Ces atteintes liberticides ne sont pas proprement françaises. De nombreux autres exemples dans le monde jalonnent votre livre…
En réalité, on les retrouve à des degrés divers dans de nombreux pays, en particulier dans les pays qui ont mis en place un programme de lutte contre le terrorisme ou de déradicalisation. Les appels à la vigilance, et donc à la surveillance mutuelle dans le quartier, dans la rue, dans les transports en commun, au travail, dans les écoles, se déploient ainsi dans les pays européens, aux Etats-Unis, au Royaume-Uni, au Canada, en Australie, etc. Mais on les retrouve sous d’autres formes en Chine, avec notamment le système du crédit social chinois par lequel les citoyens sont notés en fonction de leur comportement. Tout pays dans lequel existe un ennemi public, une minorité réprimée et une volonté de surveillance généralisée va adopter un ensemble de mesures attentatoires aux libertés publiques et aux garanties fondamentales et tenter d’associer la population à la répression. Cela peut passer par les plateformes de signalement en ligne, les numéros d’urgence, les applications sur smartphones, parfois même les émissions télévisées. Dans les campagnes chinoises, les paysans peuvent même surveiller ce qu’il se passe alentour en branchant leur télévision ou leur téléphone portable sur le réseau des caméras de vidéosurveillance.
Qu’appelez-vous « une politique du détournement du regard » ?

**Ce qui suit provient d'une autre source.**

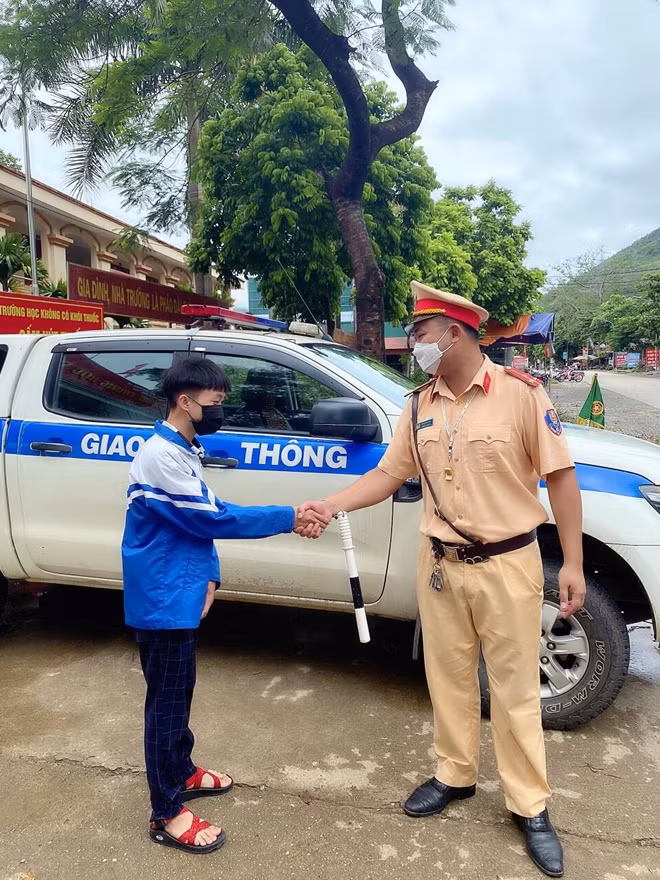 Em Lò Văn Diễn cảm ơn tổ công tác.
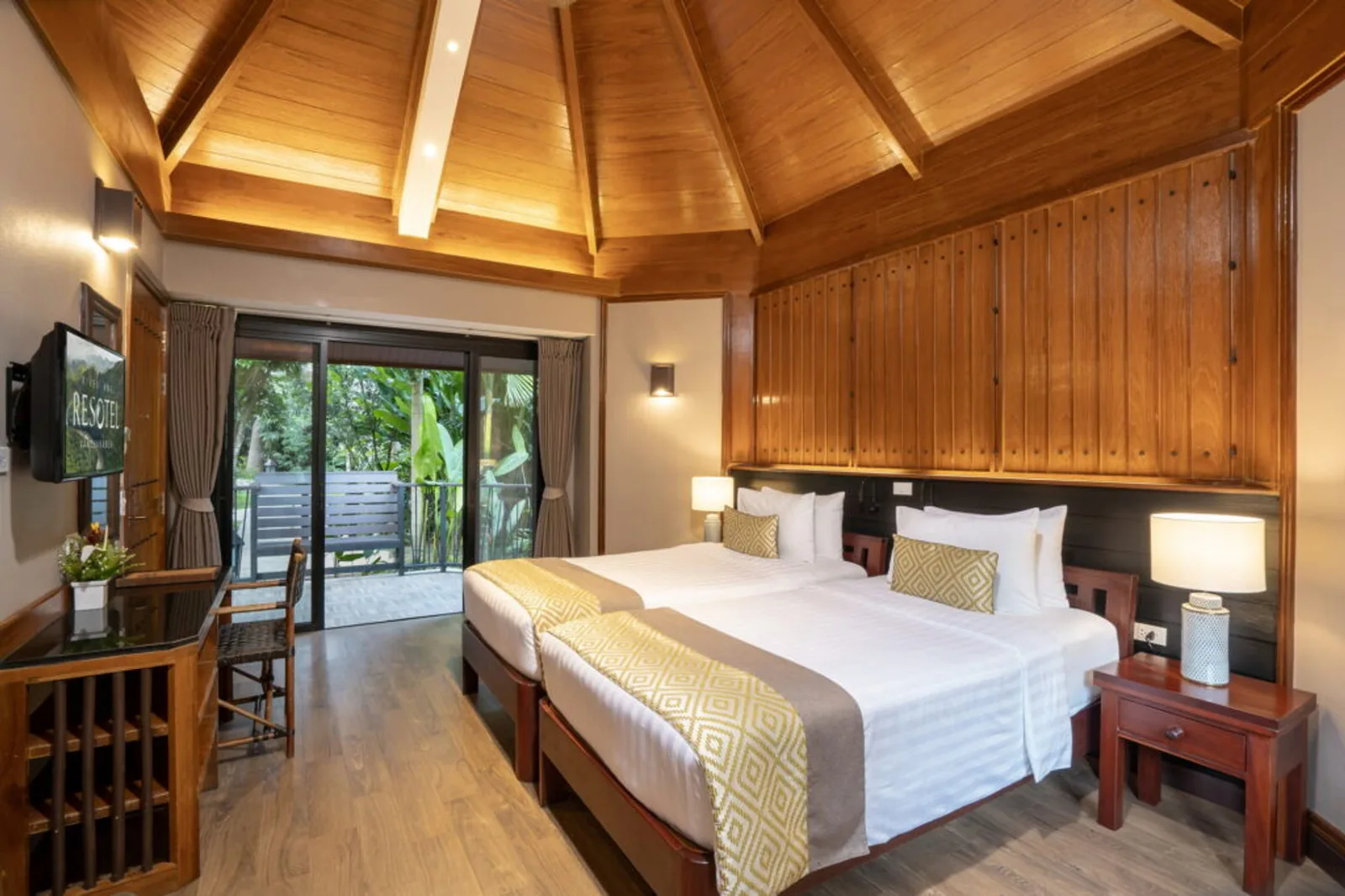 Habitación de madera del River Kwai Resotel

C’est une politique de captation policière de l’attention citoyenne. Cette dernière doit être entièrement portée sur les questions sécuritaires et le regard des citoyennes et des citoyens est orienté : on lui livre des « cibles » (des potentiels terroristes, des migrants, des minorités religieuses, des ennemis politiques, etc.) et des grilles de lecture de leurs corps, pratiques et discours qui indiquent ce qui est suspect, dangereux, à signaler. En clair, un ensemble de dispositifs visent à indiquer à la population qui et comment regarder, avec inquiétude et suspicion le plus souvent. Le cas exemplaire, comme je l’indique dans le livre, est celui des caméras en réseau placées à la frontière entre le Mexique et les Etats-Unis, pour que celles et ceux qui le souhaitent puissent voir ce qui se passe et dénoncer toute activité suspecte. Cette politique de captation de l’attention a deux avantages : renforcer la surveillance de certaines personnes ou groupes déjà réprimés par l’Etat et, dans le même temps, amoindrir - si ce n’est empêcher - le contrôle citoyen du pouvoir et de l’appareil répressif d’Etat. Les deux buts sont interdépendants : à force de nous regarder mutuellement, de nous épier, de nous observer, de vérifier si telle ou telle personne dit ou non la vérité, respecte ou non telle ou telle norme, telle ou telle règle, on finit par se replier sur nous-même, par s’isoler et par se diviser. Surtout, alors que les gouvernements incitent au renforcement de la surveillance latérale, ils tendent à empêcher les citoyens de surveiller l’Etat et ses agents. Les tentatives multiples pour empêcher de filmer la police et les crimes policiers en sont la meilleure illustration, tout comme l’est la répression des lanceuses et lanceurs d’alerte dont la surveillance est, elle, au service de la population.